Pani Dominika Korszeń z Białej Podlaskiej jest na kwarantannie od 8 lipca. Wszystko z powodu ogniska koronawirusa, które rozpoznano w zakładzie mięsnym w Hrobowie k. Białej Podlaskiej, gdzie pracuje jej partner.
Pierwsze z 10 wykonanych kobiecie testów dało wynik pozytywny. Ponieważ kolejne 5 było również dodatnie a ostatnie 3 “nierozstrzygające” – Dominika Korszeń wciąż nie może wyjść z domu. Nadzieję daje najnowsze badanie, jednak niezbędne jest potwierdzenie ujemnego wyniku jeszcze jednym testem.
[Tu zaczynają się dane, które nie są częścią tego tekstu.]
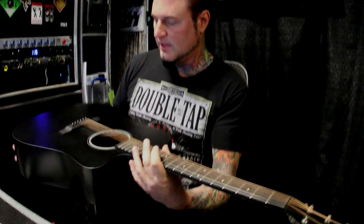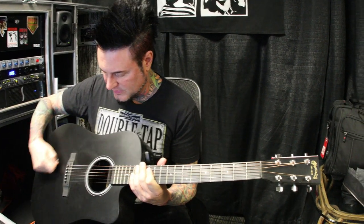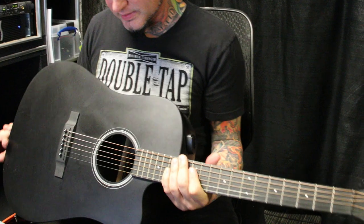I love playing acoustic guitar, Harry. This is just a cheapy Martin that I found at some store on tour. I just liked it because it was all black. I don't know, it's not even wood, I don't think. I think it's made of some kind of polycarbonate something.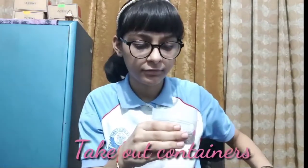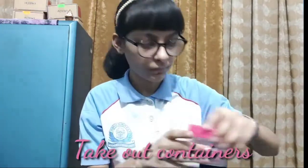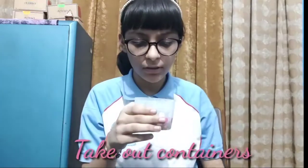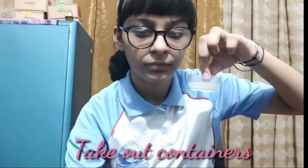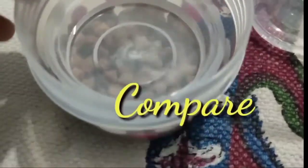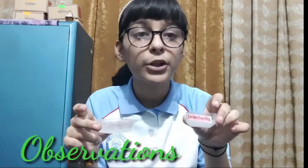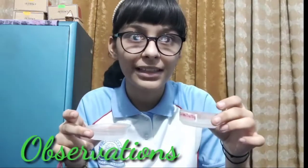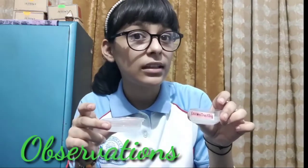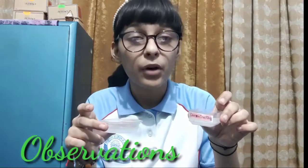After two days, let's observe what changes occur. Open the jar and take out the small beaker, then take out the other beaker from the second jar. You could easily observe that the lime water present in the germinating seeds jar has turned milky. This proves that the rate of respiration in the germinating seeds is more than the rate of respiration in the non-germinating seeds. This also proves that CO2, carbon dioxide, is liberated in the process of respiration.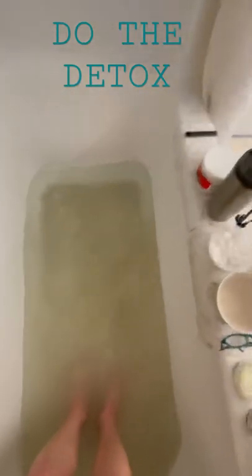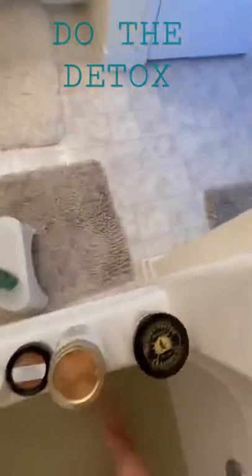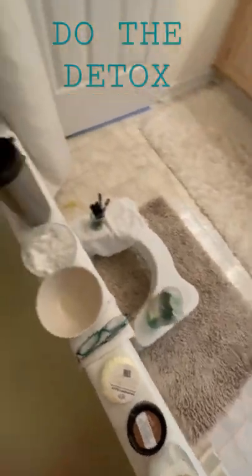This is what the remnants of a proper detox bath look like, because there's more than one type of remnant in this water. This is what I do every other day. The rest of the stuff is in the closet.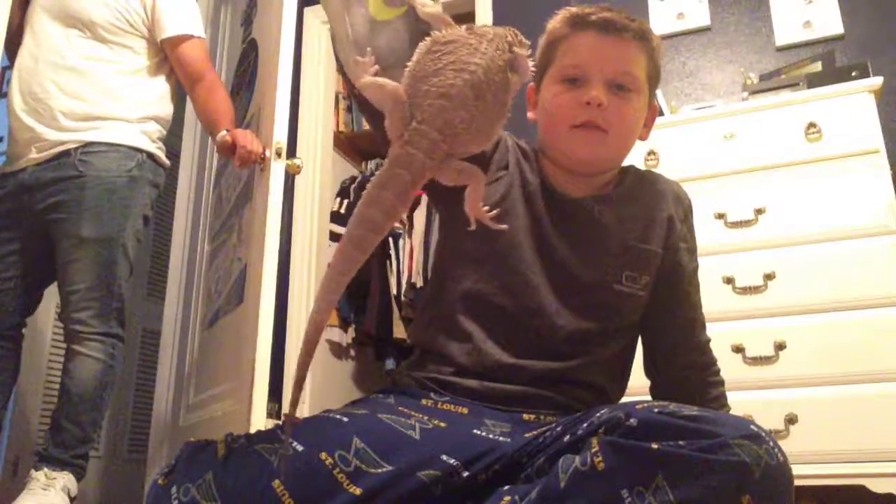Exercising everything — is it on your YouTube channel? Yeah. So that is a bearded dragon pull. Peace.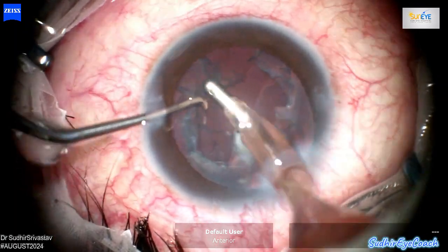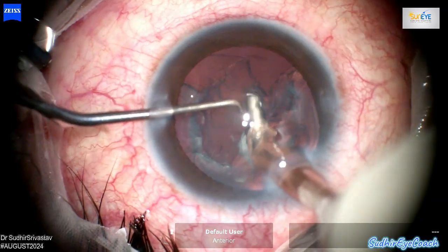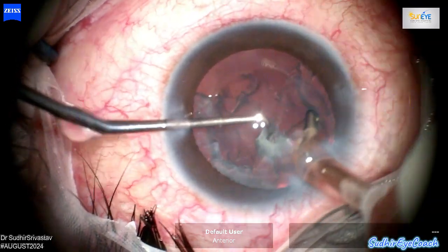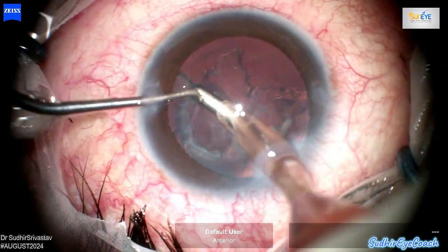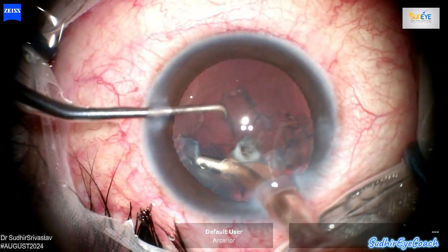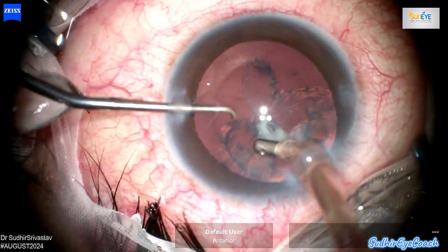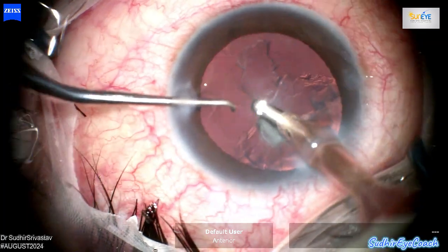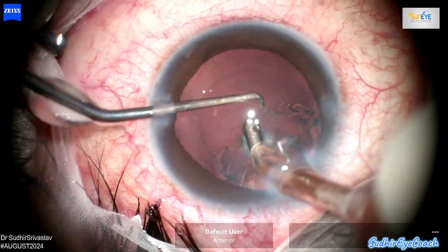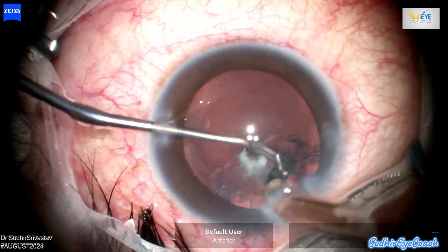I am now using coaxial I/A for the cortical removal. Beginning from the periphery, my approach is to gently drag the cortical matter from periphery towards the center. This allows safer and more controlled aspiration. Always address the area around the tear last. If you attempt to aspirate cortex near the tear too early, you risk pulling vitreous into the anterior chamber, which not only complicates cortical aspiration but can also extend the tear, making the procedure more challenging.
Magdalena Smolińska-Kornas, rzeczniczka prasowa Wojewódzkiej Stacji Sanitarno-Epidemiologicznej w Białej Podlaskiej, wyjaśniając pojęcie “wynik nierozstrzygający” podkreśla, że oznacza to, iż jest on na granicy analitycznej czułości testu.
– Wymaga on zbadania kolejnej próbki pobranej po 24-48 godzinach. Ostateczną decyzję dotyczącą stanu zdrowia pacjenta podejmuje lekarz – tłumaczy rzeczniczka.
Biała Podlaska znajduje się w tzw. żółtej strefie z ponad osiemdziesięcioma aktywnymi zakażeniami.